Security challenges in an IoT environment are often regarded as more complicated than those of legacy networks due to the diversity of IoT devices. In terms of security policies, IoT users have different security requirements for IoT devices; thus, each IoT device should maintain multiple security policies to satisfy their requirements. Unfortunately, those policies can cause unexpected policy and intent conflicts with each other. In addition, those policies can cause some other conflicts when multiple IoT devices access and control the same resources. With regard to security functionalities, when deploying security functions for IoT devices, we need to allocate resources to operate those functions efficiently. However, an IoT device is, in general, a lightweight, single-board computer with low computation power, which means that its functionality is restricted. Hence, we need to carefully consider how to operate necessary security functions with restricted resources as well. Although some pioneering researchers have proposed solutions for securing IoT environments [6], [17], [31], [34], [47], [48], none of them have addressed the combination of these security challenges.

Today’s network architecture for an IoT environment is broadly classified into two types: (i) peer-to-peer and (ii) centralized. In the former case, each IoT device directly connects to another device to share information; the AllJoyN project [23] is a good example for this case. In the case of the centralized type, IoT devices are connected to a centralized point (i.e., a gateway) for network services. While the peer-to-peer type is often used in these days, most vendors have adopted the centralized type because it can easily manage large-scale IoT devices through a centralized gateway that handles all network flows among the devices [7], [18]. Following today’s trend, we focus on a centralized IoT network to address security challenges in an IoT environment.

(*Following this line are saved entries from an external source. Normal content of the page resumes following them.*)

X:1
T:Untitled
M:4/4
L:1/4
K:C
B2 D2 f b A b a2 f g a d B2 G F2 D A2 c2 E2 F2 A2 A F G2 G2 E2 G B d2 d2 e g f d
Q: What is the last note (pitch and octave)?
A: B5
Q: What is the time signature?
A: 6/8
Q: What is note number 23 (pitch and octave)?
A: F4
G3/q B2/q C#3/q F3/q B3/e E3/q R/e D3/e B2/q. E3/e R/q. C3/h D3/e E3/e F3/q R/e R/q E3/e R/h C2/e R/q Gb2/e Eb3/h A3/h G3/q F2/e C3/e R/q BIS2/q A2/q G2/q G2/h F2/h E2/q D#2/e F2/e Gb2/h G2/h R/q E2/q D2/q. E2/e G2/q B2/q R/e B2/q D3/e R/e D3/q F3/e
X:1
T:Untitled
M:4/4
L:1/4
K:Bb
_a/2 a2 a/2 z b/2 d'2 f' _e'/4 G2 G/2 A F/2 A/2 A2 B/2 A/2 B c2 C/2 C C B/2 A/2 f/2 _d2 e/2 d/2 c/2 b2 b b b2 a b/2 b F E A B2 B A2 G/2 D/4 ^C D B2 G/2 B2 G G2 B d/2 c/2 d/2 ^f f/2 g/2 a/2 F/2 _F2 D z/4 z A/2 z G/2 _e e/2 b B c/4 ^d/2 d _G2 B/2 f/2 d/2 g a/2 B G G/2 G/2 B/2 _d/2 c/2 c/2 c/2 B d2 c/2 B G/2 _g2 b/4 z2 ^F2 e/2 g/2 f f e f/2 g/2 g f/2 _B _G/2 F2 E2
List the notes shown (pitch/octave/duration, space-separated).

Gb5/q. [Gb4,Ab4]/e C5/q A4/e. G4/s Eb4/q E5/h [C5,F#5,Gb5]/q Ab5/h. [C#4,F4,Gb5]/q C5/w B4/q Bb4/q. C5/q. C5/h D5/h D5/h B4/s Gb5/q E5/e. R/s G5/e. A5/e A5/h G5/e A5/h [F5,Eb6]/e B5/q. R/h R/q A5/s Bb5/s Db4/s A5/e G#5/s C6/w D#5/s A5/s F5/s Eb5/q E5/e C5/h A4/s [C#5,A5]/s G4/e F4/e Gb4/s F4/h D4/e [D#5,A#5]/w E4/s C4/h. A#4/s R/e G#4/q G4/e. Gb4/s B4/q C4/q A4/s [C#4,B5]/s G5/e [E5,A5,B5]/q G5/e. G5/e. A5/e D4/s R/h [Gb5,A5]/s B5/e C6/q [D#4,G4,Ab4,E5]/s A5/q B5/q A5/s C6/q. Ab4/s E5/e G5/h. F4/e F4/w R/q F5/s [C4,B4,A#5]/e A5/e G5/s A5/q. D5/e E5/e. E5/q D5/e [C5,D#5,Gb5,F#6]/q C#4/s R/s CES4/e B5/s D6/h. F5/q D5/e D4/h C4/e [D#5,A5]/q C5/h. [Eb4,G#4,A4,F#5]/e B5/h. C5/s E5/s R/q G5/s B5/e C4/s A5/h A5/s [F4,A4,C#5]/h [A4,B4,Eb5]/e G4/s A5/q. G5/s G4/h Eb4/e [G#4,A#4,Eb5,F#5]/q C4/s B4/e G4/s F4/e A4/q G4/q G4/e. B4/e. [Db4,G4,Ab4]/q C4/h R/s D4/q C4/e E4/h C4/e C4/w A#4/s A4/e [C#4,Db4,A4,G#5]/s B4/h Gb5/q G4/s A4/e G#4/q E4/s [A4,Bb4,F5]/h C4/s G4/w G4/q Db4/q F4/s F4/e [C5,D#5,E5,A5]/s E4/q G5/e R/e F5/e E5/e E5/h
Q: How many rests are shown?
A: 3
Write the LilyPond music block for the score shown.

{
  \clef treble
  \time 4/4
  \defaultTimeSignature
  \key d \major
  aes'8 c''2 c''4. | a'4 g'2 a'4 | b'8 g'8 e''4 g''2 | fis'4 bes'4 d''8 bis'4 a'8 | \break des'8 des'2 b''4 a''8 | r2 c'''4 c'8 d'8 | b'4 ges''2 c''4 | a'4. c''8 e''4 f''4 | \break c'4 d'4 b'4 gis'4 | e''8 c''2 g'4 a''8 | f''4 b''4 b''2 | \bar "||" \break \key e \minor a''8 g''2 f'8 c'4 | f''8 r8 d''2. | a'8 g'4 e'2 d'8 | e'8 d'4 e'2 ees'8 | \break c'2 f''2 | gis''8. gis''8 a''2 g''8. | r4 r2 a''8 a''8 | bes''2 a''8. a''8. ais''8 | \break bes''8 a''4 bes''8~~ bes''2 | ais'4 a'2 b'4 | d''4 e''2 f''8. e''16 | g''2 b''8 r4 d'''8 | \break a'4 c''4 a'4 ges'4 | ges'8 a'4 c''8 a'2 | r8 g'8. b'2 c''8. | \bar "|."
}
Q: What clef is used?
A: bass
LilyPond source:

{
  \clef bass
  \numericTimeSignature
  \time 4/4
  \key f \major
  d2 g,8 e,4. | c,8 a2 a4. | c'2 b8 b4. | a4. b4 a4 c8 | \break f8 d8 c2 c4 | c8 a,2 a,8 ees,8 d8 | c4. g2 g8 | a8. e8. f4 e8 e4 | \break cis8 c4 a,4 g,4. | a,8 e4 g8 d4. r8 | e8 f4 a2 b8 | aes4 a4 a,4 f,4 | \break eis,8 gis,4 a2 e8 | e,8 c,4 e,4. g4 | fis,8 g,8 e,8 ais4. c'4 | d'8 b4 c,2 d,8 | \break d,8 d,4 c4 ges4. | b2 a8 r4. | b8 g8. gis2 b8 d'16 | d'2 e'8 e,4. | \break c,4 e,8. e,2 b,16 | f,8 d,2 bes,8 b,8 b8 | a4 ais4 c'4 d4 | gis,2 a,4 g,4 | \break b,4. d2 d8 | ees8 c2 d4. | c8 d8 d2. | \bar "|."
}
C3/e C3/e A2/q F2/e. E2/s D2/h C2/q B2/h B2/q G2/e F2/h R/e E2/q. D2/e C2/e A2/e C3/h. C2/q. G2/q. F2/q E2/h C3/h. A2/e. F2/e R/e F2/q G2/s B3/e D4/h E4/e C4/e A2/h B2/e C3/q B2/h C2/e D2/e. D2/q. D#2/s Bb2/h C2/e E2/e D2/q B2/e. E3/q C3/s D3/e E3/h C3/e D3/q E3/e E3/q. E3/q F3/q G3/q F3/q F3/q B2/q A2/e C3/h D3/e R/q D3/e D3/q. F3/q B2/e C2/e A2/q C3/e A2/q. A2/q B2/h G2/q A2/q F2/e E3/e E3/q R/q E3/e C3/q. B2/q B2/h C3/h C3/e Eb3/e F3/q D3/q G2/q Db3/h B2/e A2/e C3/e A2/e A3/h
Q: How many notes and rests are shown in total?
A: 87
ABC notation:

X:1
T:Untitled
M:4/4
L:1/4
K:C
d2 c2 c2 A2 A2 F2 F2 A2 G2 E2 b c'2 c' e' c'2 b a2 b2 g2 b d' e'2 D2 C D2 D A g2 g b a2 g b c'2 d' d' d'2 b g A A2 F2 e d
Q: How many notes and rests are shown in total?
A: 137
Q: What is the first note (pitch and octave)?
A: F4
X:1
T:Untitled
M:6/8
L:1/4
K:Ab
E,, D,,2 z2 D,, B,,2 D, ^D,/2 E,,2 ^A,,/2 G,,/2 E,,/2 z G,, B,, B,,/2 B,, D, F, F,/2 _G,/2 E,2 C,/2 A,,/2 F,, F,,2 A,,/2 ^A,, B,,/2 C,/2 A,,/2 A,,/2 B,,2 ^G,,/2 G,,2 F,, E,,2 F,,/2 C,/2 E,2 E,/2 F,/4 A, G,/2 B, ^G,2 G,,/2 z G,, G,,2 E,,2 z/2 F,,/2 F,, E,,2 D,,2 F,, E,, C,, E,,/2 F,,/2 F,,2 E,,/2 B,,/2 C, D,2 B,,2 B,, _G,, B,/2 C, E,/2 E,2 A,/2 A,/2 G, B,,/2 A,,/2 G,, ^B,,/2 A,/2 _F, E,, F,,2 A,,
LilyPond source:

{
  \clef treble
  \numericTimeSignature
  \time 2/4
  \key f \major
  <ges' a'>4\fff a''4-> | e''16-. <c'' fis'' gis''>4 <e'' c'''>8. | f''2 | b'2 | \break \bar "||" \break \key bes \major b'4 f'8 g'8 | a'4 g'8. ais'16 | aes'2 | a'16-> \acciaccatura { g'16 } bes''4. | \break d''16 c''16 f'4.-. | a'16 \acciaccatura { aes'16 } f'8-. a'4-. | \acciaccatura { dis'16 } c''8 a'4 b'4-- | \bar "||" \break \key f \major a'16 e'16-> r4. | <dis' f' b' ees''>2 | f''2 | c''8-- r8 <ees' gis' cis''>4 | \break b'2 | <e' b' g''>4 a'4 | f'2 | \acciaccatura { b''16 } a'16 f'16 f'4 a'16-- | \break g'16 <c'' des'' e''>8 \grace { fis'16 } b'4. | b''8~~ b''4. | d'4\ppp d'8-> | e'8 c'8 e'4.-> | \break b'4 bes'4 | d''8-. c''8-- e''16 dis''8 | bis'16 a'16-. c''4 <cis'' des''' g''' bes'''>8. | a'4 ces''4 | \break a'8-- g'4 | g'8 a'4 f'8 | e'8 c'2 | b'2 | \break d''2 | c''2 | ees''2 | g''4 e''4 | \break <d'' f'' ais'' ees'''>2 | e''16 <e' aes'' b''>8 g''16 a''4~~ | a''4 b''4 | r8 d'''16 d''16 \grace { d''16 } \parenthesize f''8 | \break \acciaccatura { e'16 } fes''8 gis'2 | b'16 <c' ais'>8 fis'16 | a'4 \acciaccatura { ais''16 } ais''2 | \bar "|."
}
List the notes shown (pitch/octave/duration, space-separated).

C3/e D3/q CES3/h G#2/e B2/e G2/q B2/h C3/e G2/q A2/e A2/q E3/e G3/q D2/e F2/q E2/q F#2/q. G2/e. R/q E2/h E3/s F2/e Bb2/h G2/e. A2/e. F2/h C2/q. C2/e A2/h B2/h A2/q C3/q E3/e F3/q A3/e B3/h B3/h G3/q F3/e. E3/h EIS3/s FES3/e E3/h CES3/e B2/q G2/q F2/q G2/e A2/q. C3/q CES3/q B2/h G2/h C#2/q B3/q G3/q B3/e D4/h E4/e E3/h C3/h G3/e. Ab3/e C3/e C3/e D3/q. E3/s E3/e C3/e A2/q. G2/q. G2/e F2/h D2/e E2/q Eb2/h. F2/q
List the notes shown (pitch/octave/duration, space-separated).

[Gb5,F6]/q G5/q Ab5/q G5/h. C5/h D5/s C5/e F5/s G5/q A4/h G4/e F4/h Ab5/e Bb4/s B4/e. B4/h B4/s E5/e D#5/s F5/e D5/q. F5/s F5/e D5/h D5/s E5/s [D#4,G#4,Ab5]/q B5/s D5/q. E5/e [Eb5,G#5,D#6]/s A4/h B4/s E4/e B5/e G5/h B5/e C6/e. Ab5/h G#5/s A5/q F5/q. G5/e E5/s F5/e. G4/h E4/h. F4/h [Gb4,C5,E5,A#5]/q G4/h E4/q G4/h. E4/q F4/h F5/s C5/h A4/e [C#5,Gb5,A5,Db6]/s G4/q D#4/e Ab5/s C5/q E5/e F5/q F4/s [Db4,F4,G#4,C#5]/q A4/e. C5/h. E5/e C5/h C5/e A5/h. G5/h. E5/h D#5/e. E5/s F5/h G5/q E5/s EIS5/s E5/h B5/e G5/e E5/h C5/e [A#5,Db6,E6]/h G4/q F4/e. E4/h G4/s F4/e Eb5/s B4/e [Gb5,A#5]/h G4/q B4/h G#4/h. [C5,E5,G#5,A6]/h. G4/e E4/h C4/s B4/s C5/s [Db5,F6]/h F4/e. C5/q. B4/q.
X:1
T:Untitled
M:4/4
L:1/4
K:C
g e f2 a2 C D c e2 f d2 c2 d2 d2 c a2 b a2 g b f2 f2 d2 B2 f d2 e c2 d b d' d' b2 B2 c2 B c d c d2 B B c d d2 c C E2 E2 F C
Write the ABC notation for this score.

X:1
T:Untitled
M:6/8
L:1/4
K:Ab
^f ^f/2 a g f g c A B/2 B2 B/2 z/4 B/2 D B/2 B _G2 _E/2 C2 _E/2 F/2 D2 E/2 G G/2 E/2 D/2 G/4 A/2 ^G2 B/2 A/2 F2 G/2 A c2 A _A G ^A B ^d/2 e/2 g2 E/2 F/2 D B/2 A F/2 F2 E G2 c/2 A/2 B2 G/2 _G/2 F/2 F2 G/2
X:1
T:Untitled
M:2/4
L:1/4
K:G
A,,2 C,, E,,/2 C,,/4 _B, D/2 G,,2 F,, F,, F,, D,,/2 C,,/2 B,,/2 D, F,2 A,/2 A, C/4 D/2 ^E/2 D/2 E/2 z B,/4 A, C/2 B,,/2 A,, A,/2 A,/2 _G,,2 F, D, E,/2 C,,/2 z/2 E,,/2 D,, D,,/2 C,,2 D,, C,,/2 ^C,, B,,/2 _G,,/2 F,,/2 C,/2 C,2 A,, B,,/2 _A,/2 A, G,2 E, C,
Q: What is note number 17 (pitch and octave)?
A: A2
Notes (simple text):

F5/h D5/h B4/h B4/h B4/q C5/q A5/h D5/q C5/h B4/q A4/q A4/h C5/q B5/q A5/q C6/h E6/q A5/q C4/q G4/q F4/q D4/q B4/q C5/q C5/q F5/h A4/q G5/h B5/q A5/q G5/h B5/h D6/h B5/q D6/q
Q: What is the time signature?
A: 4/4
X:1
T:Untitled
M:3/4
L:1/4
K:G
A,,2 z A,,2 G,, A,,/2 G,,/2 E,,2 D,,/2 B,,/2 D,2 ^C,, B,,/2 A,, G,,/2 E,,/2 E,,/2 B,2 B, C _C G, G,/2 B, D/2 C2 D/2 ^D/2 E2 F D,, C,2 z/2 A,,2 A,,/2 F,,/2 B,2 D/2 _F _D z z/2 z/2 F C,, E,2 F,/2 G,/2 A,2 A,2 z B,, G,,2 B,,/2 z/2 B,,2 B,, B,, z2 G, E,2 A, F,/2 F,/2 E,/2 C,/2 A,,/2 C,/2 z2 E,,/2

In this paper, we present a novel security framework, called SODA, to realize centralized security policy and service management for IoT environments (specifically, for the IoT environment where a large number of IoT devices are crowded around a centralized IoT gateway). In our proposal, all IoT devices are connected to SODA, and all security policies (e.g., who can communicate with whom) are controlled by SODA. In addition, SODA provides the capability of deploying various security services, such as intrusion prevention system and botnet mitigation, and each user (or IoT device) can dynamically take some of security services on request. Security services supported by SODA can be classified into two types: (i) network access control and (ii) network security functions. First, SODA controls (either blocks or allows) network accesses among IoT users and devices according to dynamically defined security policies. Second, SODA provides more complex security capabilities. For example, let us assume that a malicious device (perhaps infected by an attacker) tries to compromise other linked devices. To prevent this, a network intrusion detection system should be activated and be available to target devices in the IoT network. SODA identifies this kind of a requirement and provides relevant security services using virtual network functions realized in SODA.

To implement a prototype of SODA, we leverage software defined networking (SDN) to control network flows among IoT devices [24], and network function virtualization (NFV) [10] to realize security functions inside of a centralized gateway. Then, we demonstrate how SODA can effectively and efficiently protect an IoT network through the prototype of SODA, and our evaluation results show that SODA can successfully enforce user-defined security policies while minimizing conflicts among policies and operating diverse network security functions with reasonable performance.

This paper is organized as follows. Section 2 discusses IoT security issues with an example of commercial IoT devices, and Section 3 presents a new security framework that addresses those issues while its core functionality is elaborated in Section 4. Section 5 describes its prototypical implementation, and Sections 6 and 7 demonstrate its effectiveness and practicality. Section 8 reviews the previous studies related to IoT security. Sections 9 and 10 conclude the paper while providing some leads for future works.